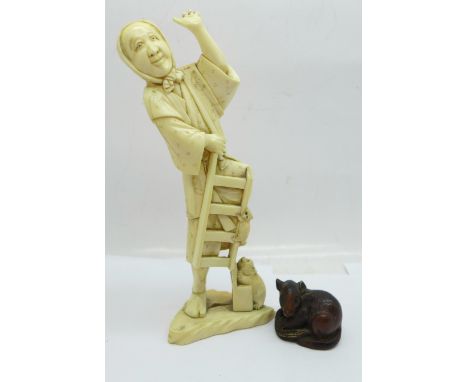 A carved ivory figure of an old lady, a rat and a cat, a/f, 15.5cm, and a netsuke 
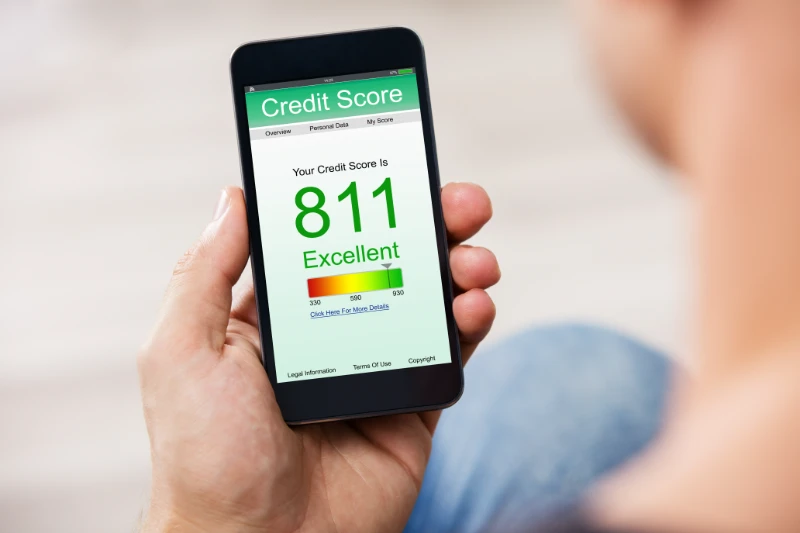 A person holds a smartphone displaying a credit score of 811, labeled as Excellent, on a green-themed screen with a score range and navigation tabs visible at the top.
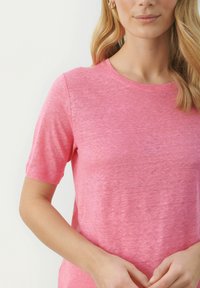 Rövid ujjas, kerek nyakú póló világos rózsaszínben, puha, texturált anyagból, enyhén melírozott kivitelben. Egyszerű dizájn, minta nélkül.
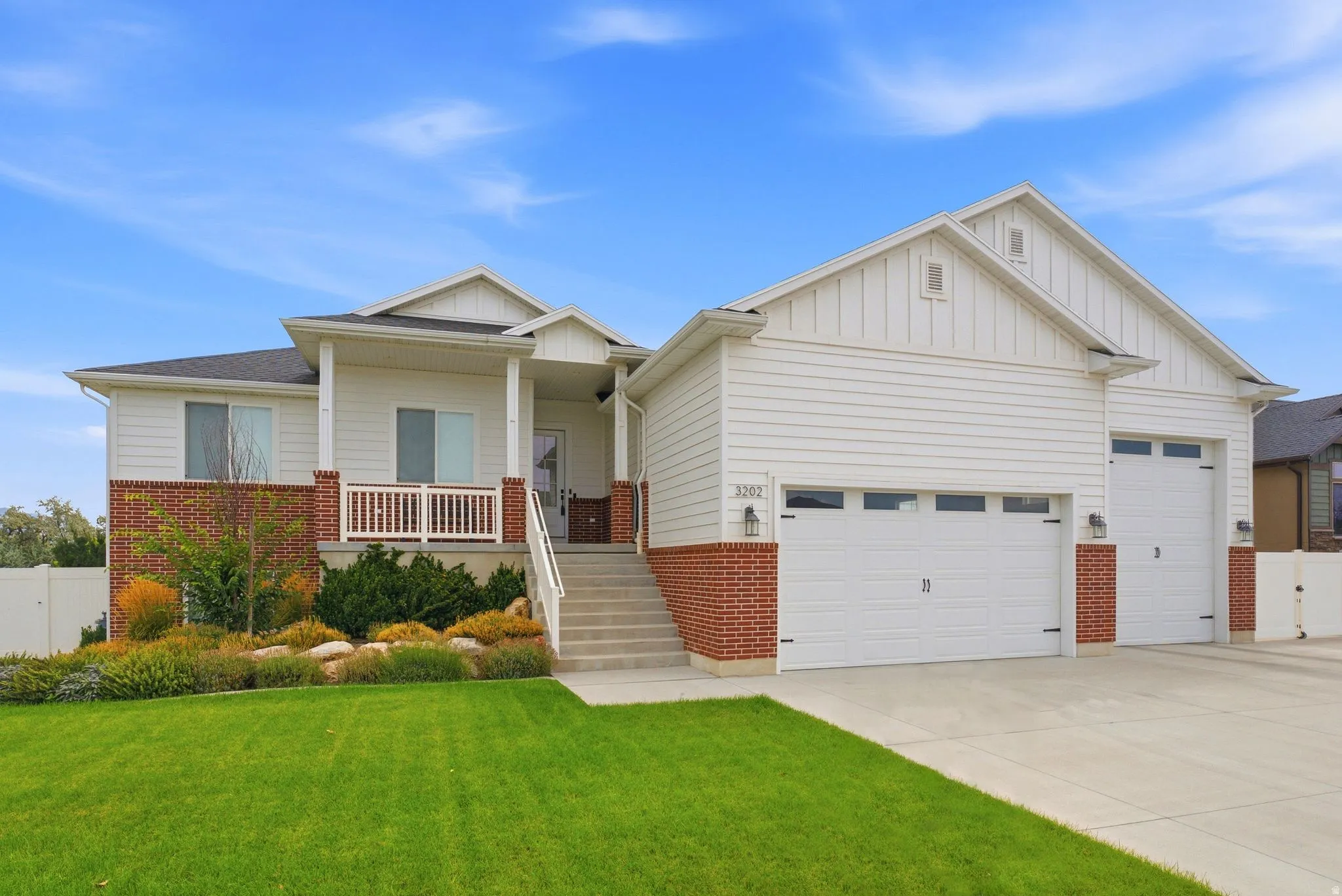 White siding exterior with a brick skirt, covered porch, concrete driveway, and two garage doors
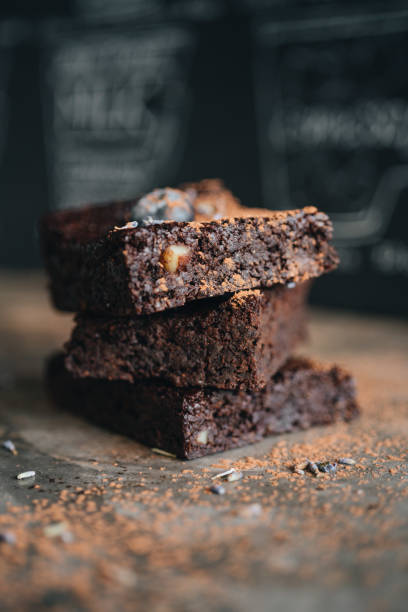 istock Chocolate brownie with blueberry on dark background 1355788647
**********
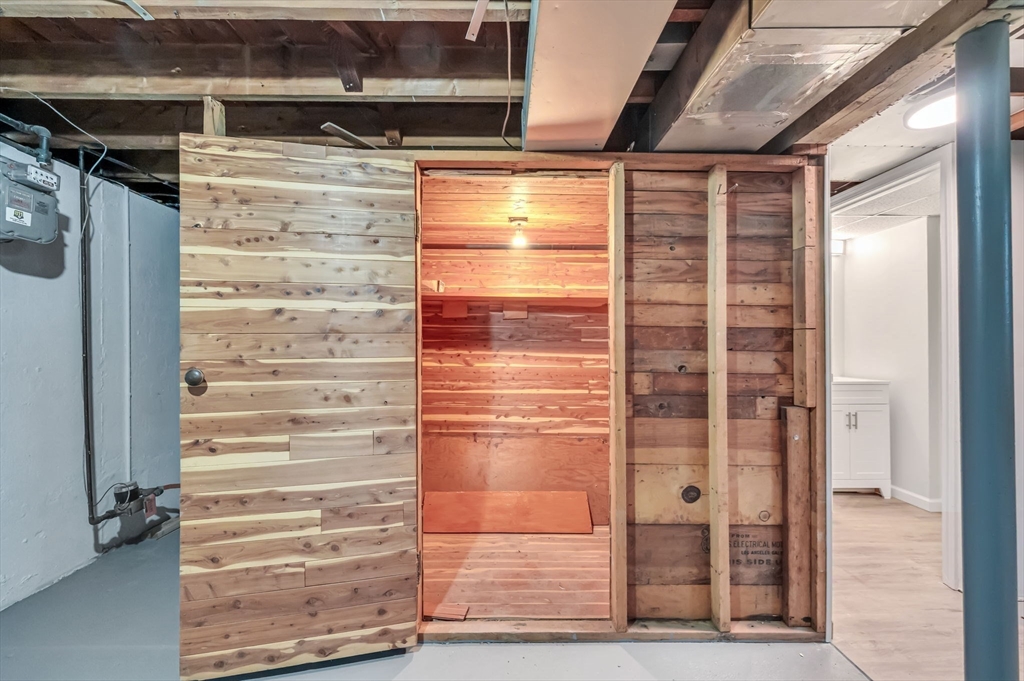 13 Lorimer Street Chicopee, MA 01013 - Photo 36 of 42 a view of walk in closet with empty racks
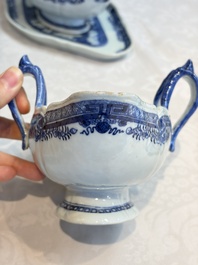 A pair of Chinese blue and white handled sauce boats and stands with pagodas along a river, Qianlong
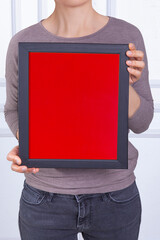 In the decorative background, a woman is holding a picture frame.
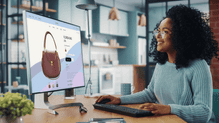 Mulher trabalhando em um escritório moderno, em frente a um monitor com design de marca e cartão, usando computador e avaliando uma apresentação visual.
**********
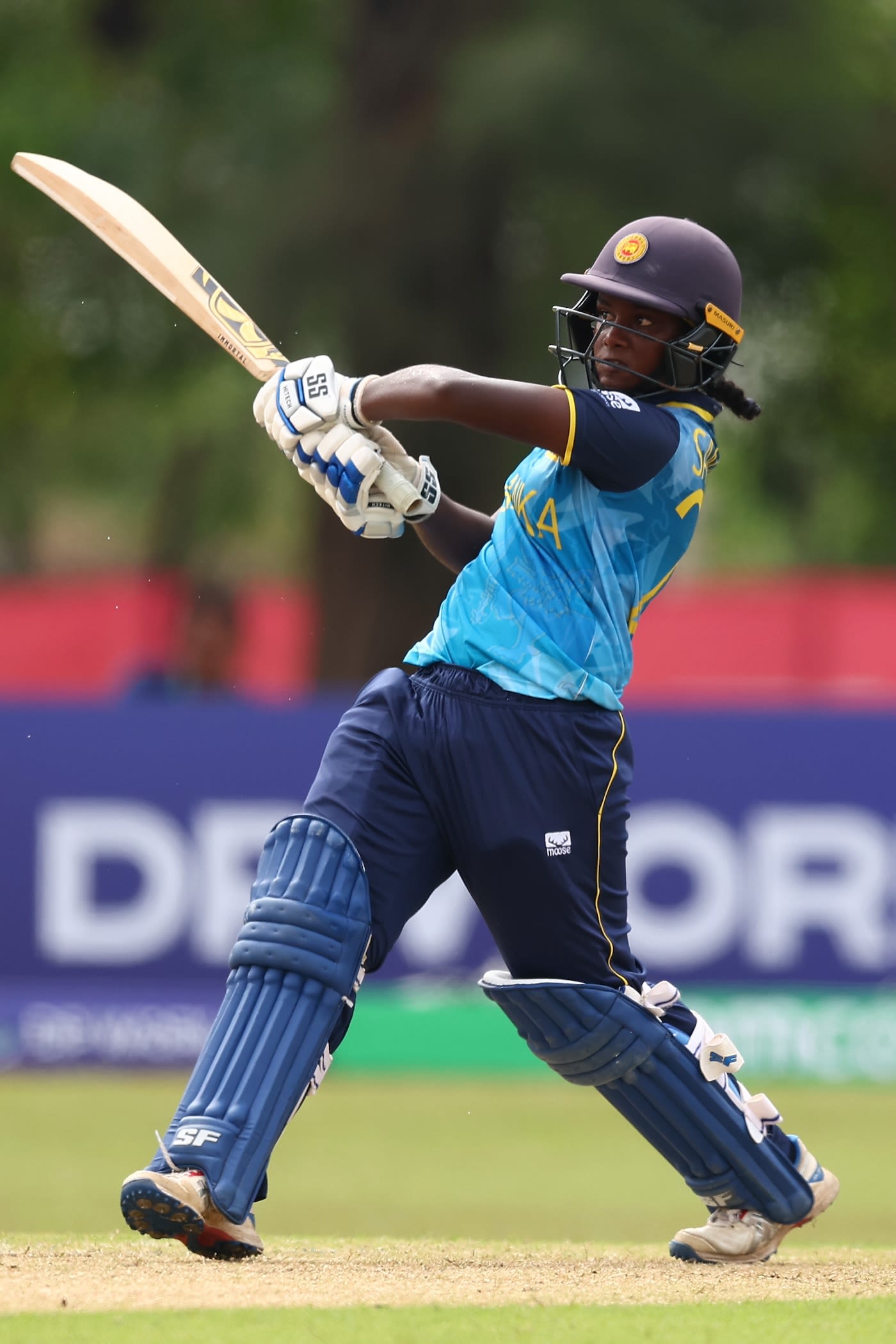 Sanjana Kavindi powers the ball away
**********
(TO DO): From the records above, give again only the part that opens with the line containing "White siding exterior" and closes with the line containing "istock Chocolate brownie". Keep both ends but drop the pictures.

(WRITTEN SOLUTION):
 White siding exterior with a brick skirt, covered porch, concrete driveway, and two garage doors
 istock Chocolate brownie with blueberry on dark background 1355788647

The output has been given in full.